U.S. Supreme Court No Longer Set to Resolve Circuit Split on Use of Section 1782 in International Commercial Arbitration

September 9, 2021

The U.S. Supreme Court granted certiorari earlier this year in the case of Servotronics, Inc. v. Rolls-Royce PLC and The Boeing Company  to resolve a circuit split regarding whether the federal international evidence collection statute, 28 U.S.C. § 1782, permits recourse to the U.S. courts for discovery for use in international commercial arbitration.

However, on Wednesday, September 8, 2021, counsel for the petitioner informed the Court that the petitioner would be dismissing the case, and the Court removed the case—which had been scheduled for oral argument on October 5, 2021—from its calendar.

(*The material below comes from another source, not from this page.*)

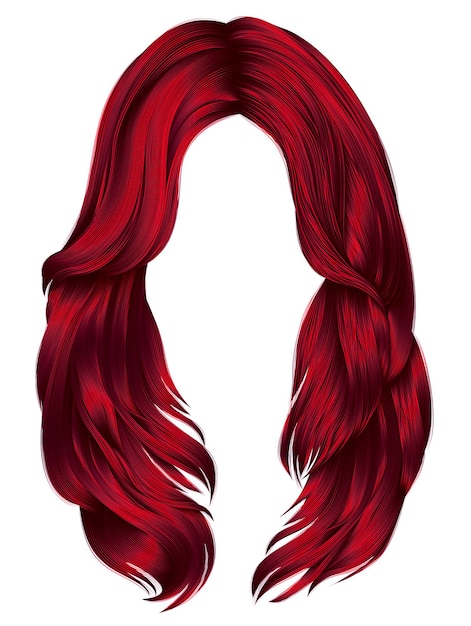 Vector trendy woman long hairs red colors. realistic graphic 3d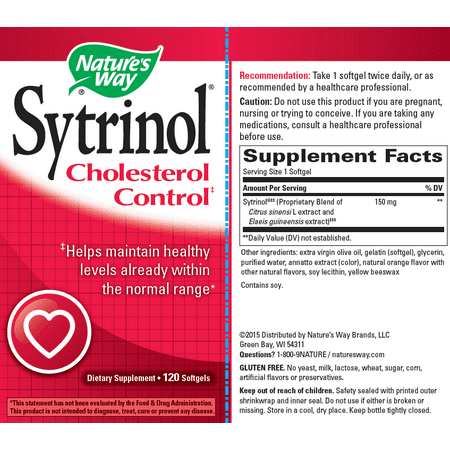 - Nature's Way Sytrinol Cholesterol Control Softgels, 120 Ct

Dismissal of Servotronics means that the significant uncertainty regarding whether an international commercial arbitration constitutes “a proceeding in a foreign or international tribunal” within the meaning of the statute remains unresolved.  The entrenched circuit split on the permissibility of § 1782 for use in international commercial arbitration—in which the Second, Fifth, and Seventh Circuits have held that § 1782 discovery is not permitted for use in such proceedings, and the Fourth and Sixth Circuits have ruled in contrast that § 1782 is available in international commercial arbitration—is likely to persist until the Court once again takes up this issue.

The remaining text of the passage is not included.